TASK ITEM:
Please return only the lines from the one showing "this 196×196 image." to the end of the entries, keeping both ends and dropping every picture.

(Annotated photo localization data)
──────────

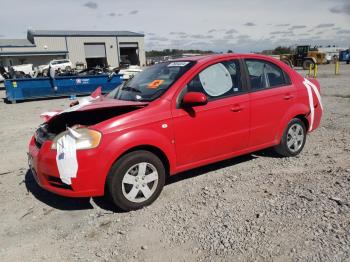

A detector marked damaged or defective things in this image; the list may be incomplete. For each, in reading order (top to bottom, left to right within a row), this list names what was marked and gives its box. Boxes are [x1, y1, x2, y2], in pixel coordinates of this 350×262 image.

damaged front bumper [28, 135, 105, 196]
cracked headlight [51, 128, 102, 149]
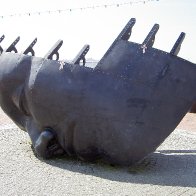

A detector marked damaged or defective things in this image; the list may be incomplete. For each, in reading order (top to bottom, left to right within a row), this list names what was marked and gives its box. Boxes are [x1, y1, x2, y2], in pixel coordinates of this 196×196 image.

rusted metal surface [0, 18, 195, 165]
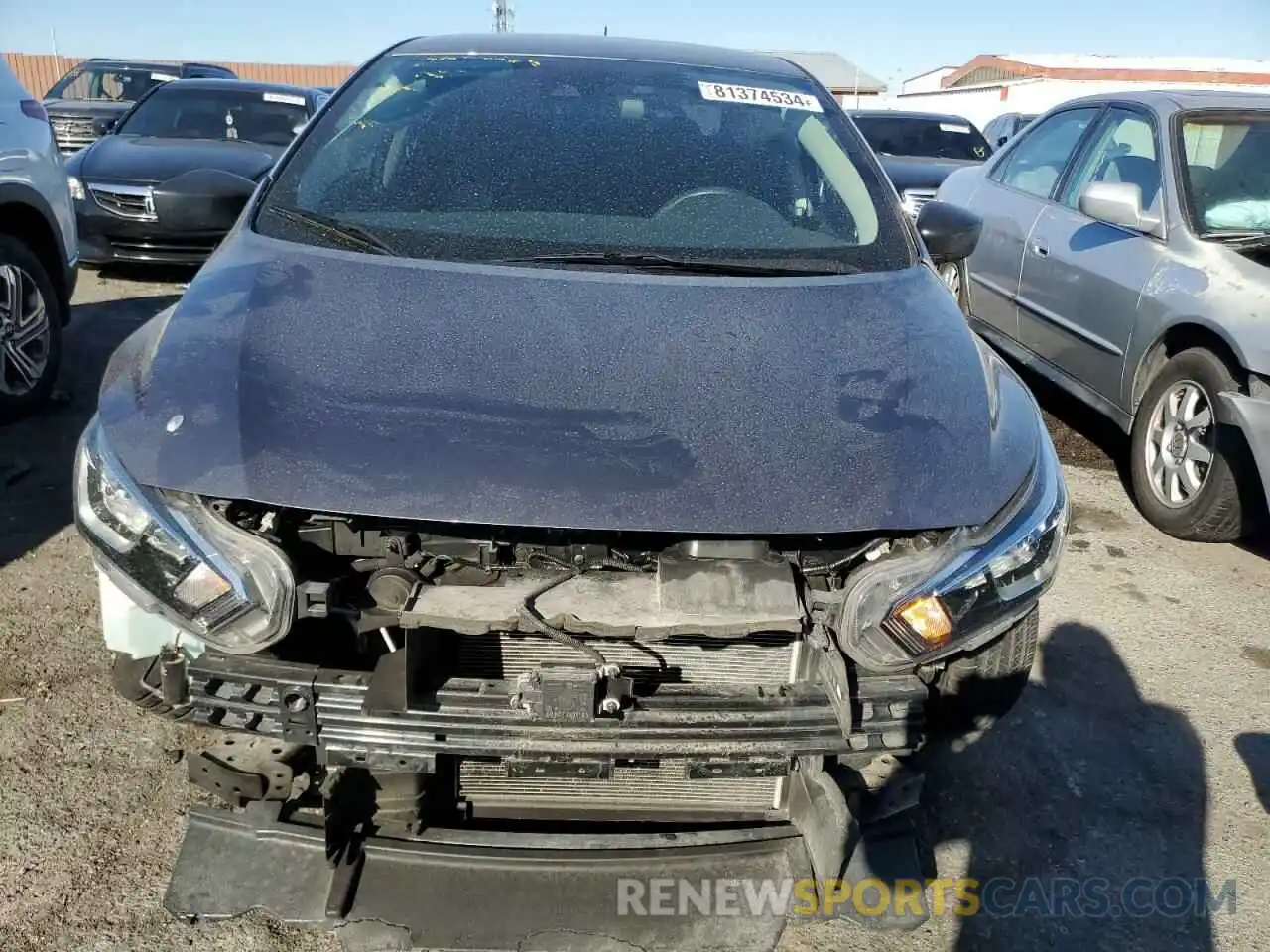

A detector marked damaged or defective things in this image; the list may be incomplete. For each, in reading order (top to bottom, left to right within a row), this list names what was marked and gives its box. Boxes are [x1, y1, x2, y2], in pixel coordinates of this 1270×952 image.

damaged blue nissan versa [76, 33, 1072, 952]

──────────

THE COMPLETED TASK:
A detector marked damaged or defective things in this image; the list may be incomplete. For each, in reading order (top to bottom, left to right within a row), this list names what was marked and gives its box. Boxes are [x1, y1, x2, y2], in pixel coordinates of this 196×196 image.

rusted metal surface [0, 18, 195, 165]

A detector marked damaged or defective things in this image; the list may be incomplete. For each, in reading order (top to bottom, left to right within a row), this list names what was marked and gives its box. Boxes are [x1, y1, x2, y2], in pixel coordinates of this 1270×952 image.

damaged blue nissan versa [76, 33, 1072, 952]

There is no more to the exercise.